E10K: Control board review


Standard disclaimer: Use the information that follows at your own risk. If you screw up a system, don't blame it on me...


The control board is a cornerstone to the E10K operations; without it, as I undertand it, the various E10K domains come crashing down. However, since you so rarely even look at the things, how important they are won't become apparent until they're not working. So, this review:

The control boards are responsible, among other things, for the following:

  1. Distribute timing signals between the SSP and domains
  2. Supports communications between the SSP and E10K.
  3. Controls the support subsystems such as fans and power

Before a particular domain is active, you talk to it (@ the OBP prompt, for instance) via JTAG and the control boards. The control board, a full computer system in its own right, runs a control board executive (cbe) daemon. The SSP runs a control board server (cbs) that talks to the cbe. Once a particular domain is up and running, netcon talks to a cvcd daemon running on each domain.

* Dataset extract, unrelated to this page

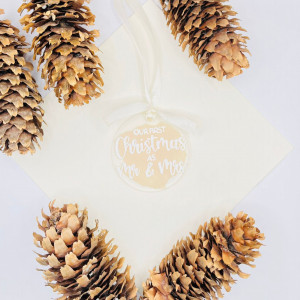 Ornament de brad Christmas as Mr & Mrs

The E10K should have two control boards. If you only have one, and it breaks, then you're down until it's replaced. Bad juju. If you have two, and the primary breaks, then you can switch to the alternate and restart your domains. Max downtime 1-2 hours depending on how fast you type and how fast the domains boot.

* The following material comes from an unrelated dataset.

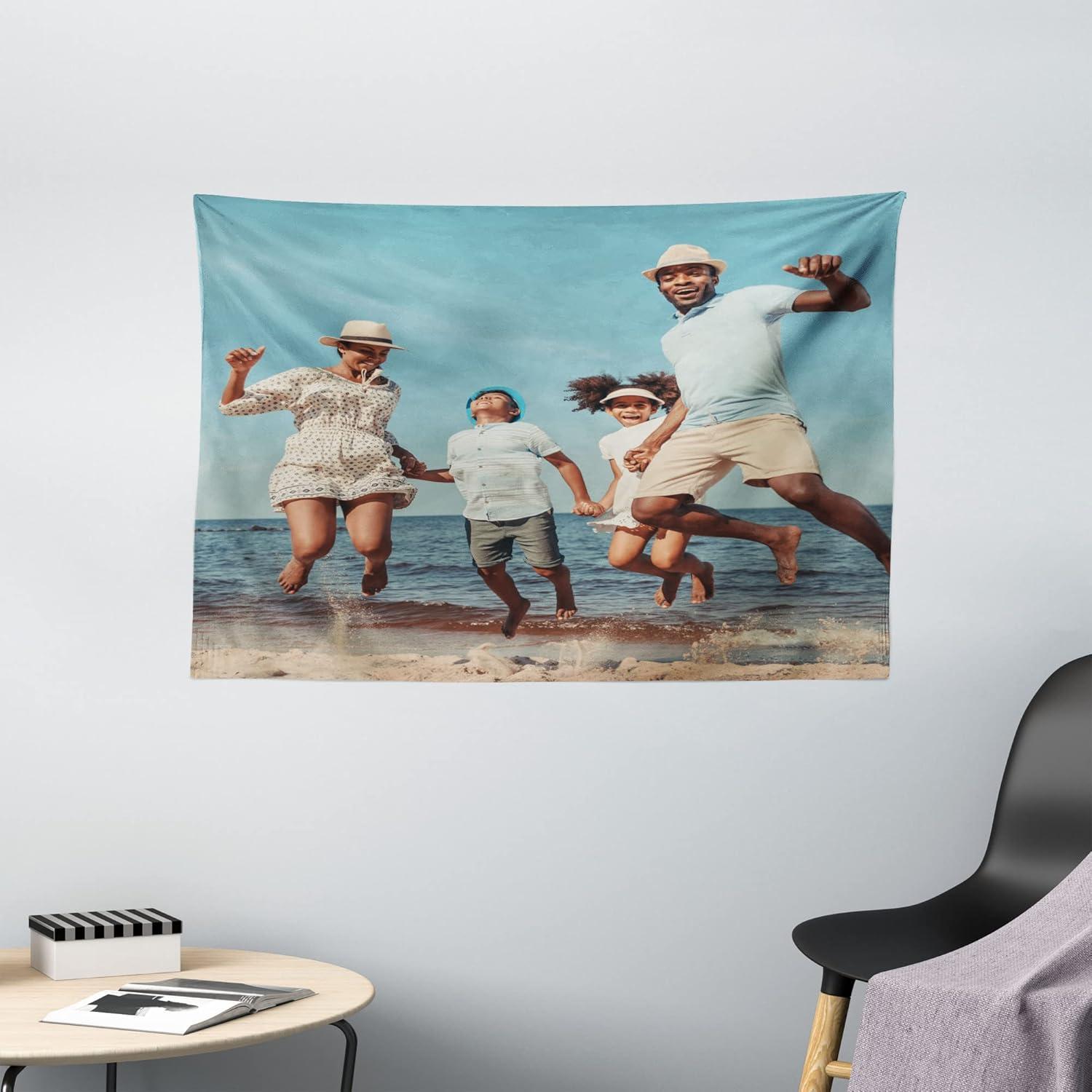 imageAmbesonne Customizable Tapestry with Photos Wide Wall Hanging for Bedroom Living Room Dorm Personalized Dcor Accent Piece for All Seasons Christmas amp Valentines Day Custom Gift 3 Photos 60 X 401 Photo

The SSP has a control board configuration file called ${SSPVAR}/.ssp_private/cb_config with the following format:

${E10K_name}:Ultra-Enterprise-10000:${cb0_name}:${cb0_status}:${cb1_name}:${cb1_status}

For example:

ra:Ultra-Enterprise-10000:sol:P:aten:

The control boards get their boot information from the SSP via tftp. So, if you're trying to harden the SSP, don't turn off tftp; you'll wonder why your E10K flat out won't start up...